> Exercise
Within the data that follows, set down exactly the lines from the one containing "Setki śniętych ryb" through the one containing "Steam Train in Snowy Forest", both ends included.
START Given entries
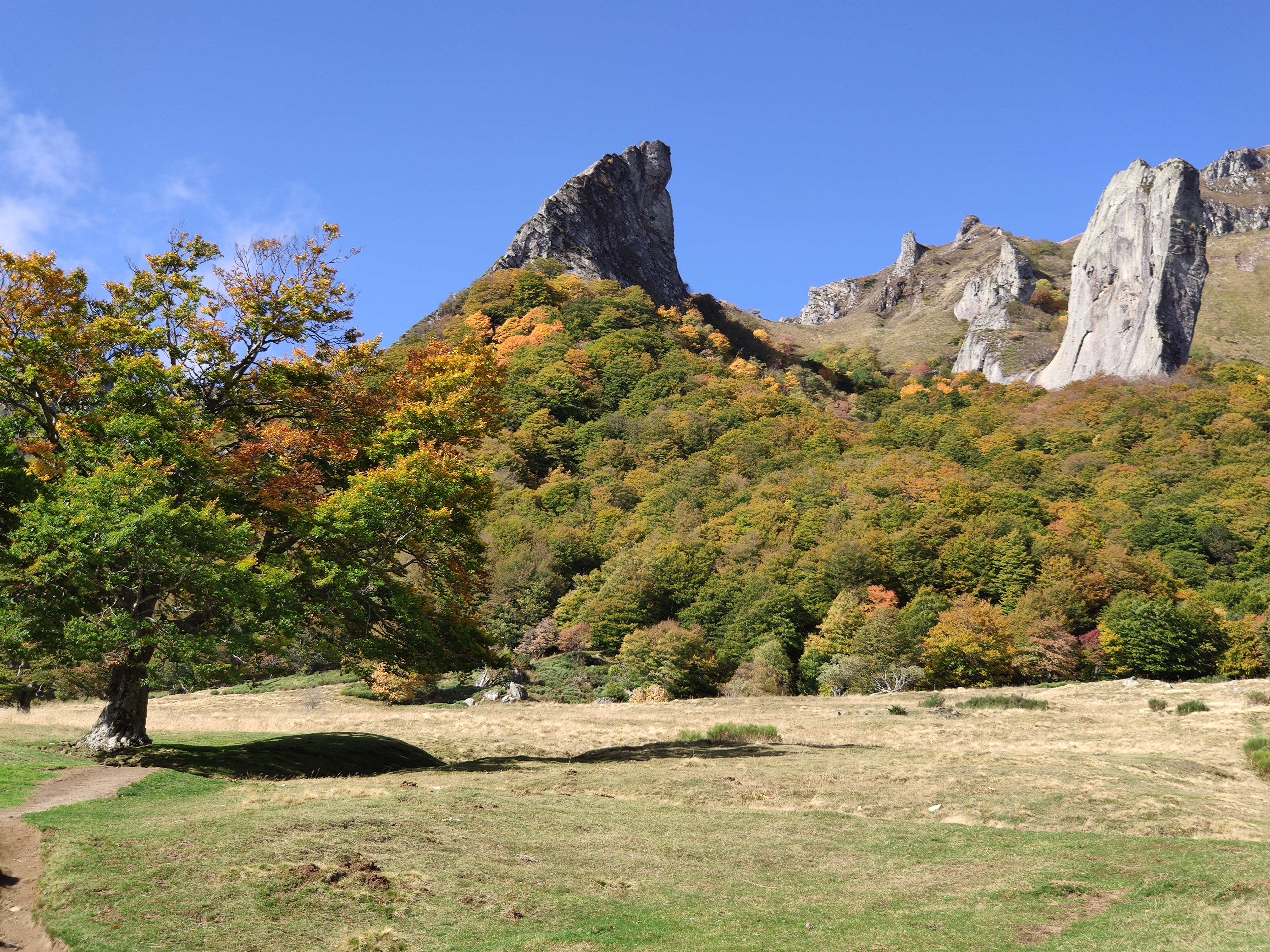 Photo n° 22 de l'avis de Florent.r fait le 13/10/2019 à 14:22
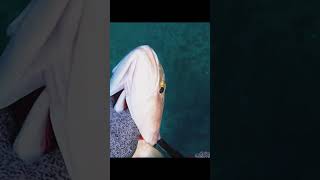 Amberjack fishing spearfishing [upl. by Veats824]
END Given entries
START Given entries
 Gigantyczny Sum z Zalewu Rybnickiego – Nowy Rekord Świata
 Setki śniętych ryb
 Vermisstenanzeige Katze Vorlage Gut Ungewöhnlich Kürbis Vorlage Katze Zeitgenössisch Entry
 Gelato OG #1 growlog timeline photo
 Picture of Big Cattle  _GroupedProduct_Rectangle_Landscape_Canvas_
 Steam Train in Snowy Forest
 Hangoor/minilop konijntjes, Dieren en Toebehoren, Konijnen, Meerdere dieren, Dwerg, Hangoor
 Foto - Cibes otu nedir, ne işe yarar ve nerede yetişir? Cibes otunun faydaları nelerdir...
END Given entries
START Given entries
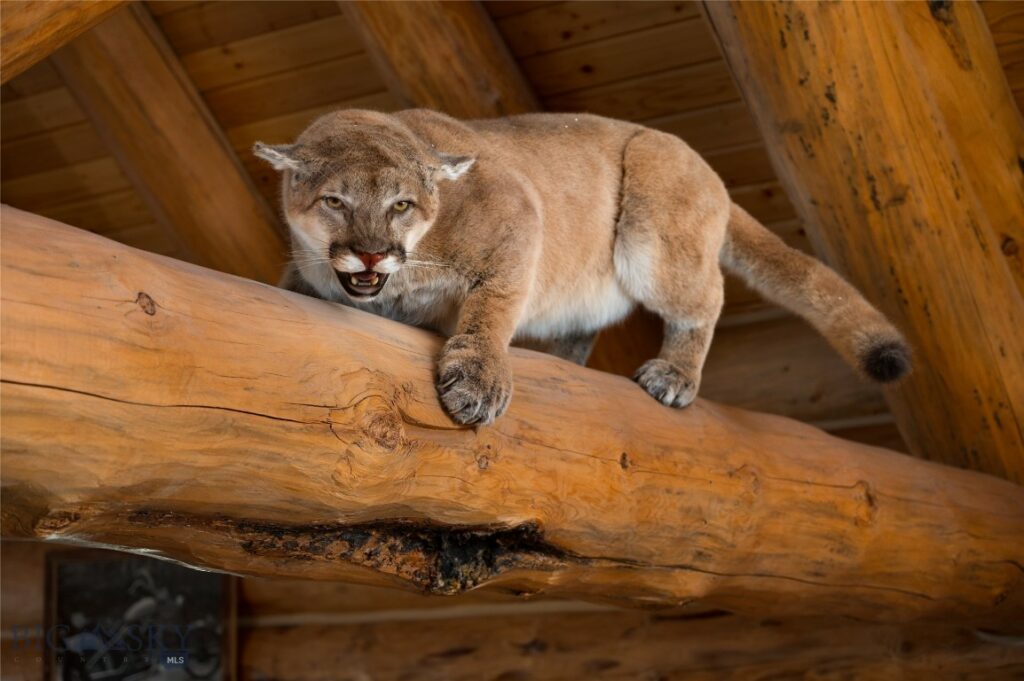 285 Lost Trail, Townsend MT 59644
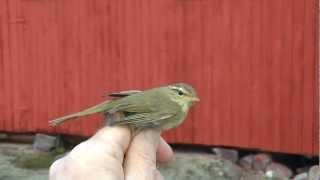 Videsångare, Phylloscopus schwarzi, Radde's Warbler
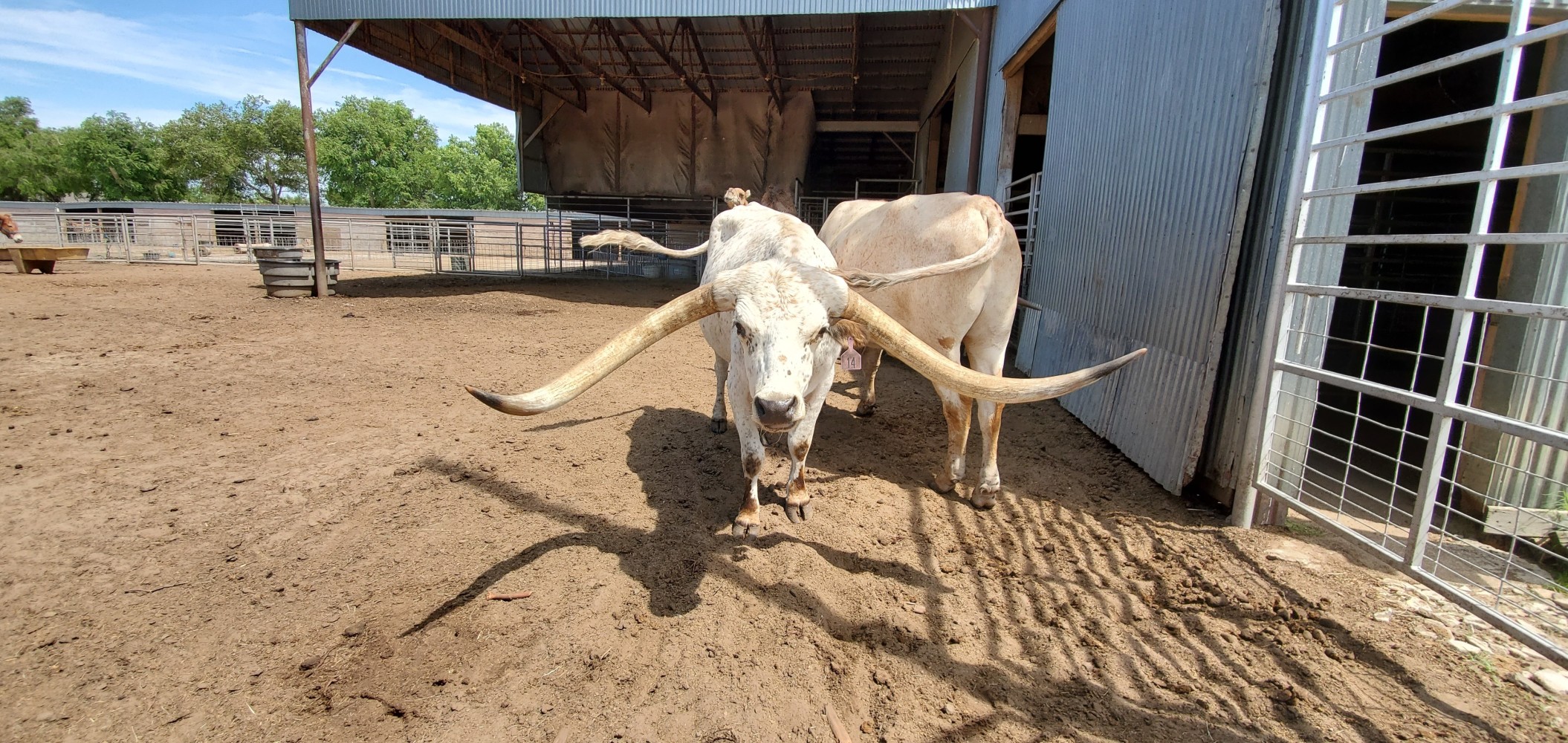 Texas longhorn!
END Given entries
> Answer
 Setki śniętych ryb
 Vermisstenanzeige Katze Vorlage Gut Ungewöhnlich Kürbis Vorlage Katze Zeitgenössisch Entry
 Gelato OG #1 growlog timeline photo
 Picture of Big Cattle  _GroupedProduct_Rectangle_Landscape_Canvas_
 Steam Train in Snowy Forest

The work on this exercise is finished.